İlahi iradeden uzak düşen,kendi iradelerini birilerin emrine vermekten imtina etmeyen insanımız,ülkenin bölünüyor olmasını görmesi şöyle dursun,kendi öz benliğini de yine kendi eliyle bölüyor!

Hayatın onca sıkıntısı arasın da öz benliğinden uzaklaşan insan, kendisini nasıl,ne şekilde yeniden toparlayacak doğrusu bilemiyorum!

Kendimizi, sürekli kendi dışımızda anlamak ve anlamlandırmak derdindeyiz maalesef. Doğal olarak bu anlayış bizi nefs muhasebesinden uzaklaştırmakta ve kendimizden kaçmamıza vesile olmaktadır!

Düşünürken, düşündüğümüzü ifade ederken de, kendimizi, vicdan kantarımızdan geçirmek derdimiz sanki nihai düşüncelerimizin tezahürü değil gibi geliyor bana!…

Yanlış düşünmek, hatalı tespitler yapmak, insan doğasında var olan şeyler. Öyle düşüncelerimiz ve onun yansıması olan öyle hatalarımız var ki, insanın kendisini ve çevresini zarar verebilmekte… Ama bu durumu telafi etmekte yine insanın kendisine düşmektedir…

Zira;kendimizin olmadığı düşünceleri ifade etmek, onun her yanlışıyla karşılaştığımızda bizi duygu ve düşünce bunalımına itmektedir.

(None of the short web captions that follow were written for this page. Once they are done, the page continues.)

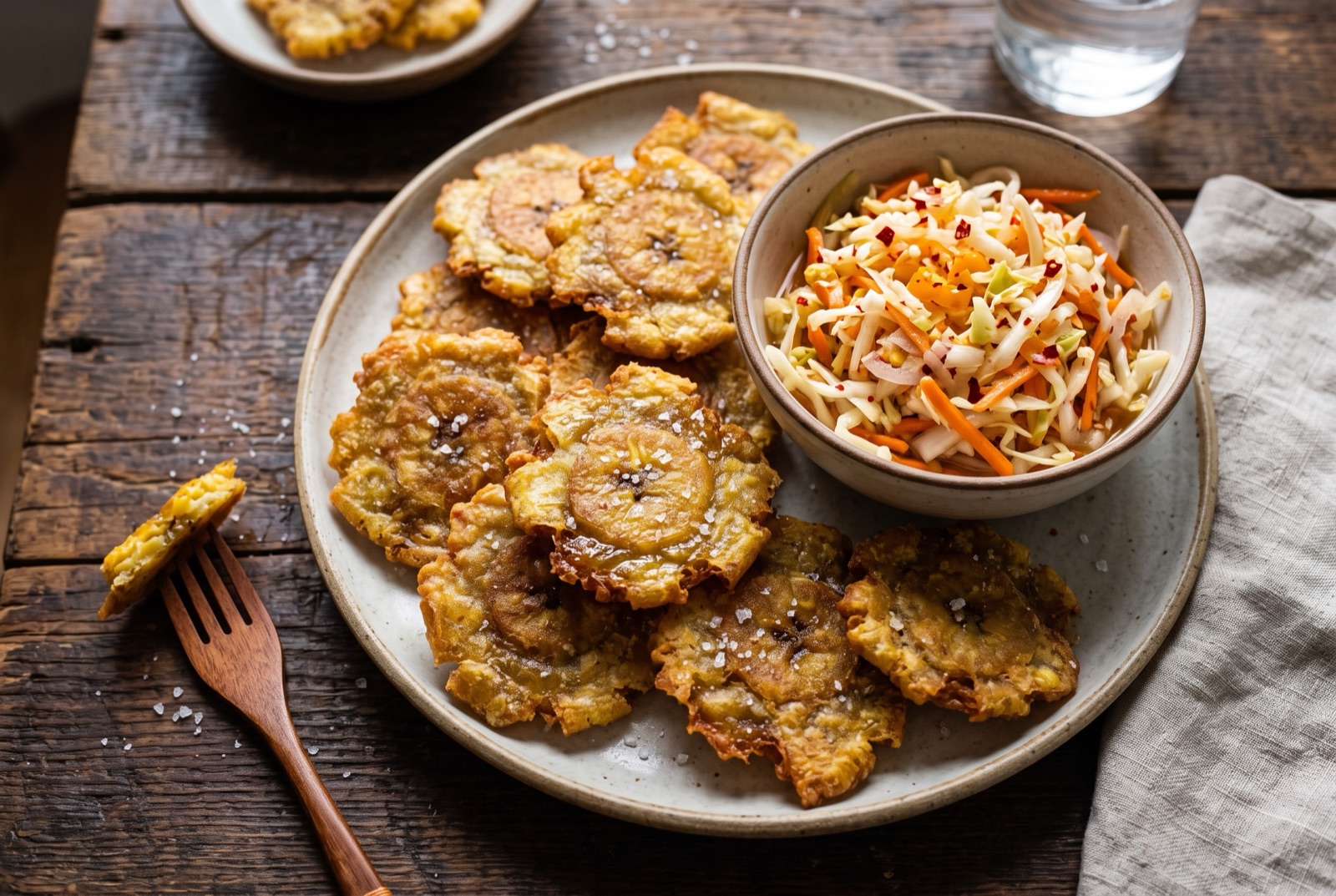 Golden pressed and twice-fried Haitian plantain discs piled on a plate with pikliz alongside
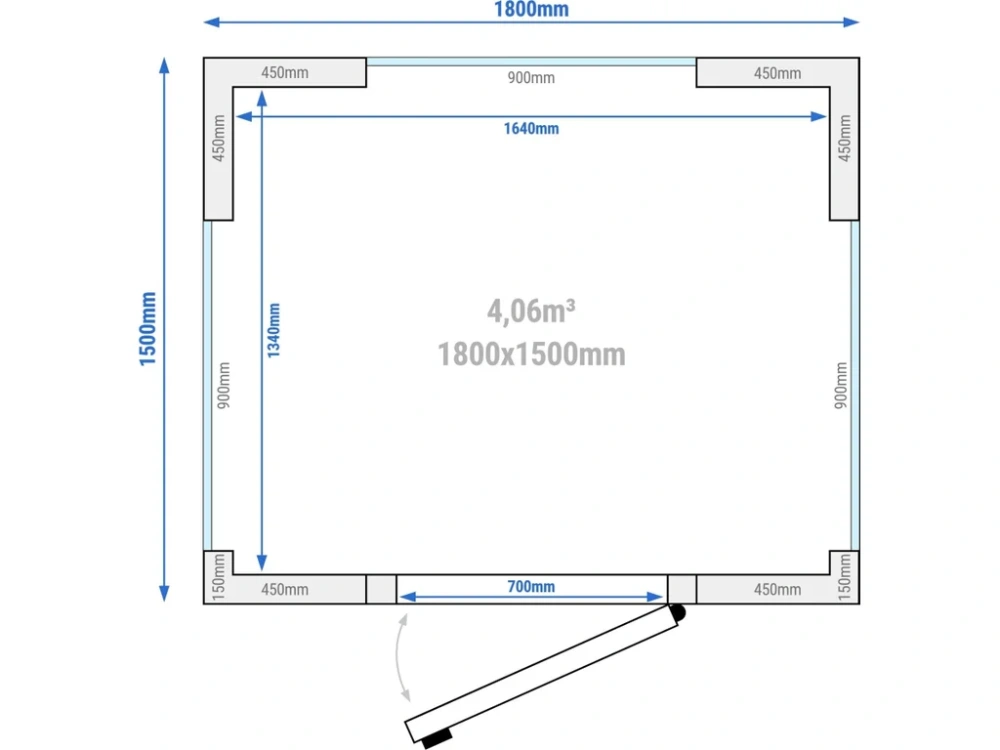 Chladicí box - 1800x1500 mm - 4,06 m³ - se 3 prosklenými stranami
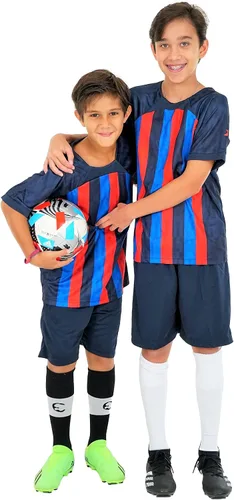 Vista 5 de Uniformes de fútbol para niños, camiseta deportiva y pantalones cortos para niños, ropa deportiva, unisex, de 4 a 14 años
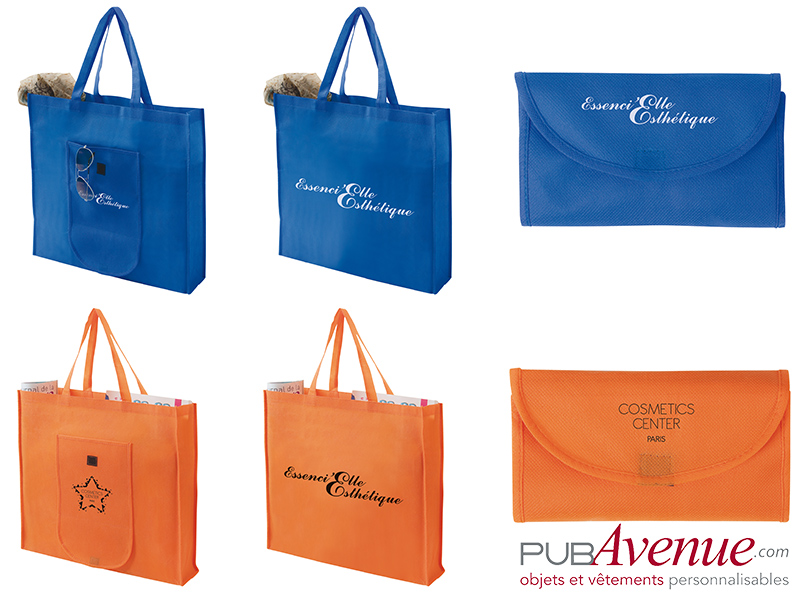 Tote bag pliable non-tissé personnalisé en express Tote bag pliable non-tissé personnalisé en express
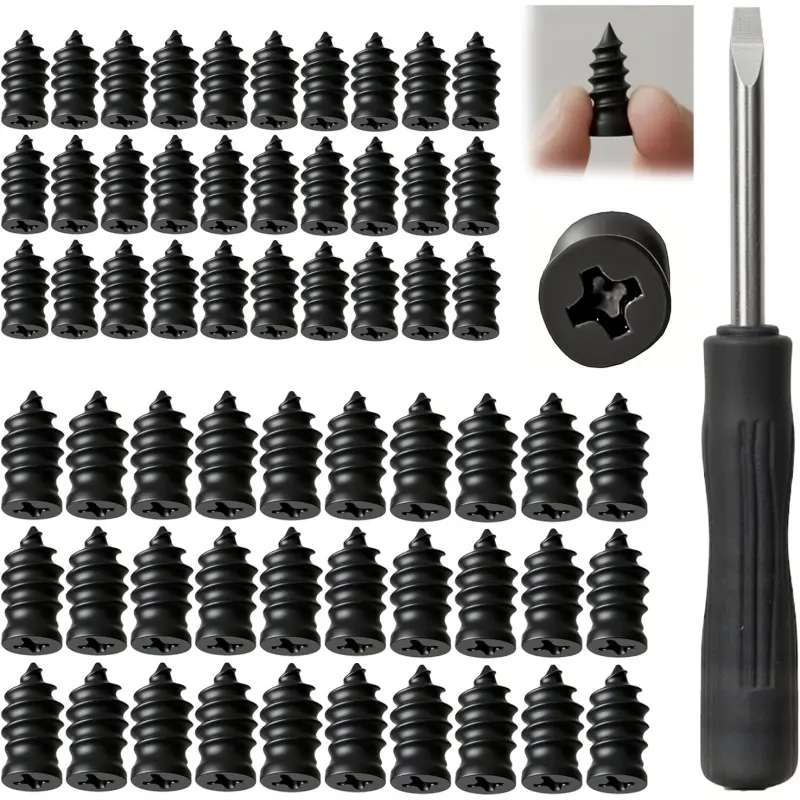 60Pcs Tire Repair Rubber Nail, Rubber Screw Tire Plugs Self-Service Vacuum Tire Repair Nail Kit Tires Quick Puncture Repair Tools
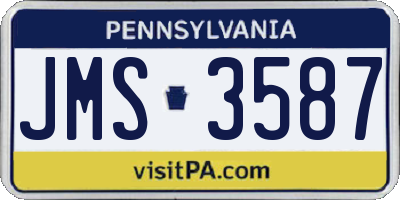PA license plate JMS3587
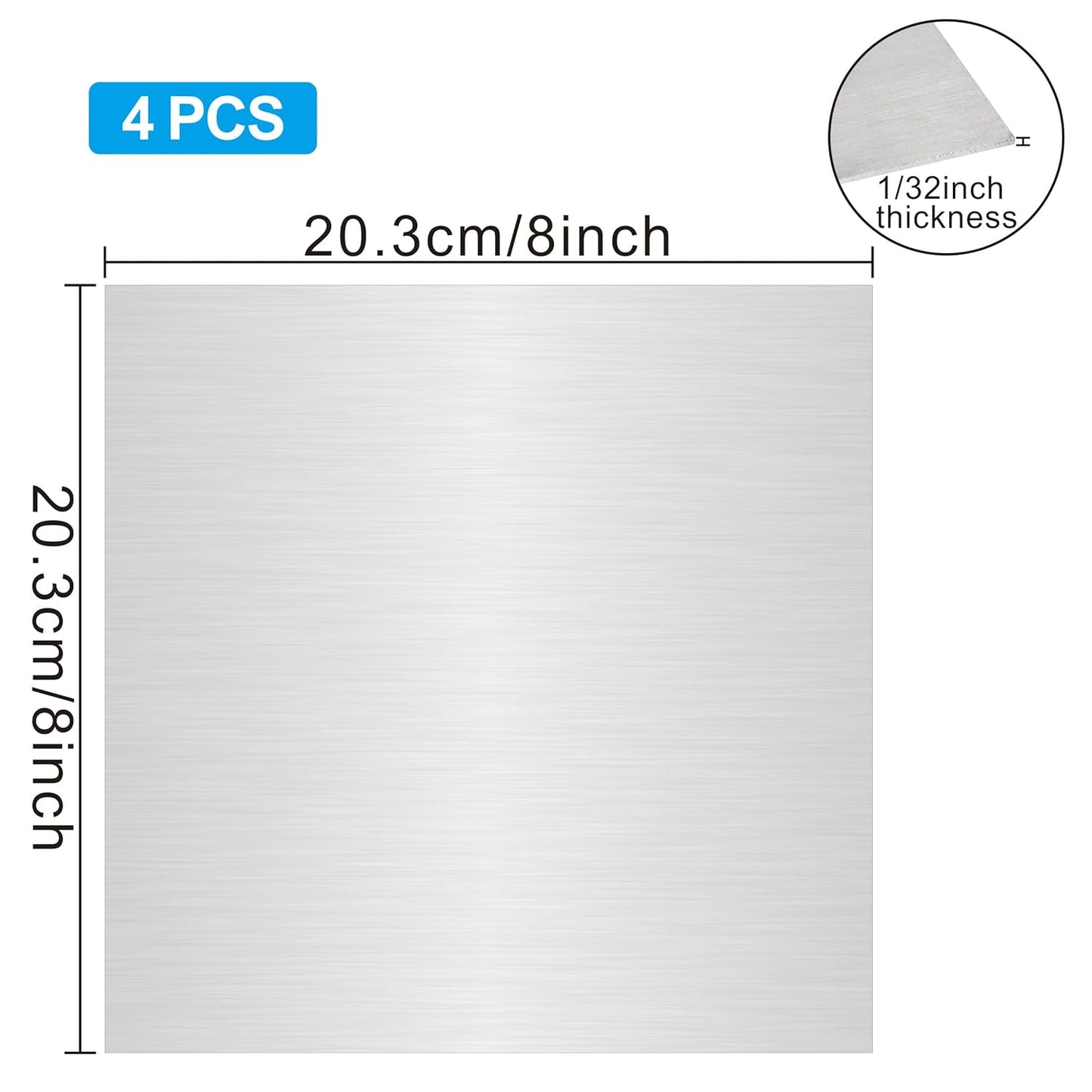 4PCS 8"x8"x1/32 Stainless Steel Metal Plates for Magnetic Mount Board Wall,Tickness 0.8mm 430 Stainless Steel Shim Stock Plates for Crafting, Kitchen, Office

Bugün ülkemizde tam da bu süreci yaşamaktayız!...Birilerinin şu veya bu nedenlerle insanımıza dikta ettirdiği düşüncelerini “kabul etmekten” başka çaresi olmadığını düşünen milyonlarca insanın varlığı,akıl ve vicdan sahibi olan herkesi derinden üzmektedir.

İnsan kısa mesafe koşucusu değildir…Bu tespite her birimiz katılmamıza rağmen ,düşüncelerimiz de ve aldığımız kararlarda maalesef inandığımızın aksine davranmaktan da geri durmuyoruz!...

İnsanın kendini inanmadığı şekilde tarif etmesi ya da ifade edememesi,bana öyle geliyor ki,hayata dair sıkıntılarımızın asıl kaynağını oluşturmaktadır….

Bu durum, ben her ne pahasına olursa olsun, mutlu ve huzurlu olayım,benim dışımda ki dünya nasıl olursa olsun mantığının en barız şekilde yansımasının resmidir…Kendi inandıklarını unutarak,hayat sürdüğünü düşünmek insanı nereye kadar götürebilir ki?

Kendisiyle baş başa kalan insan, biliyor ki, inandığı şey, dışa yansıyan görüşleri değil, perdelediği, kendisini haps ettiği vicdanının sesinde duyduğu gerçekleridir!

İnsanın düşüncesi, hele vicdanı, onu, yaratılanlar arasında farklı kılan en önemli değeridir…Bu hikmetin sırrına varan insanımız;hayatını,onun manasını,bu hayatta ki dramlarını,sorunlarını,isyanlarını elbette görüyor ve görebilmelidir de…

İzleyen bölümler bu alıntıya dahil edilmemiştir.